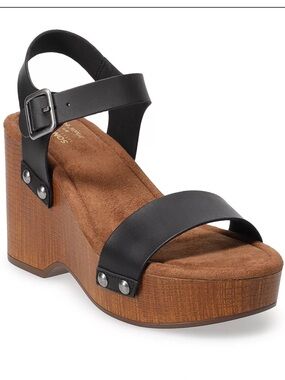 SONOMA GOODS FOR LIFE ORTHOLITE ECO STYLE FLORELLA BLACK WEDGE SANDALS 7.5
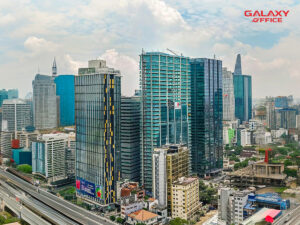 Toàn cảnh tòa nhà Lotus Tower với thiết kế hiện đại, tọa lạc tại 3A – 3B Tôn Đức Thắng, tuyến đường trung tâm Quận 1 TPHCM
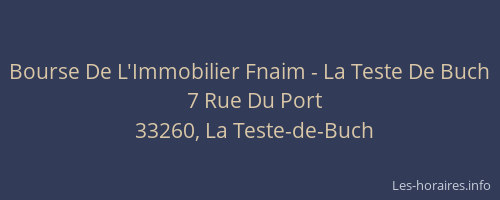 Bourse De L'Immobilier Fnaim - La Teste De Buch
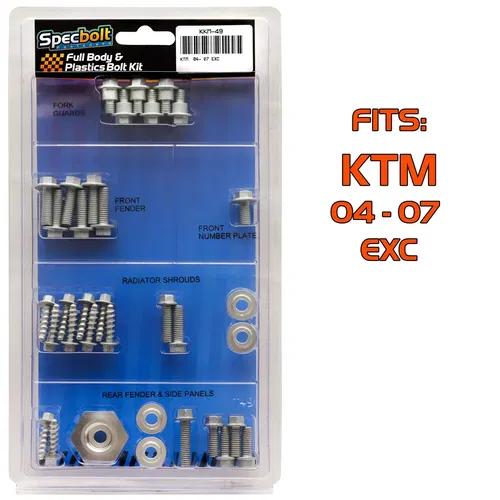 SPECBOLT KKM-49 Full Plastics Body Bolt Kit for KTM 2004-2007 EXC MODELS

Aim of the task: When you reach a picture, pass over it; write out all other material exactly.

Response to this task:
 SONOMA GOODS FOR LIFE ORTHOLITE ECO STYLE FLORELLA BLACK WEDGE SANDALS 7.5
 Toàn cảnh tòa nhà Lotus Tower với thiết kế hiện đại, tọa lạc tại 3A – 3B Tôn Đức Thắng, tuyến đường trung tâm Quận 1 TPHCM
 Bourse De L'Immobilier Fnaim - La Teste De Buch
 SPECBOLT KKM-49 Full Plastics Body Bolt Kit for KTM 2004-2007 EXC MODELS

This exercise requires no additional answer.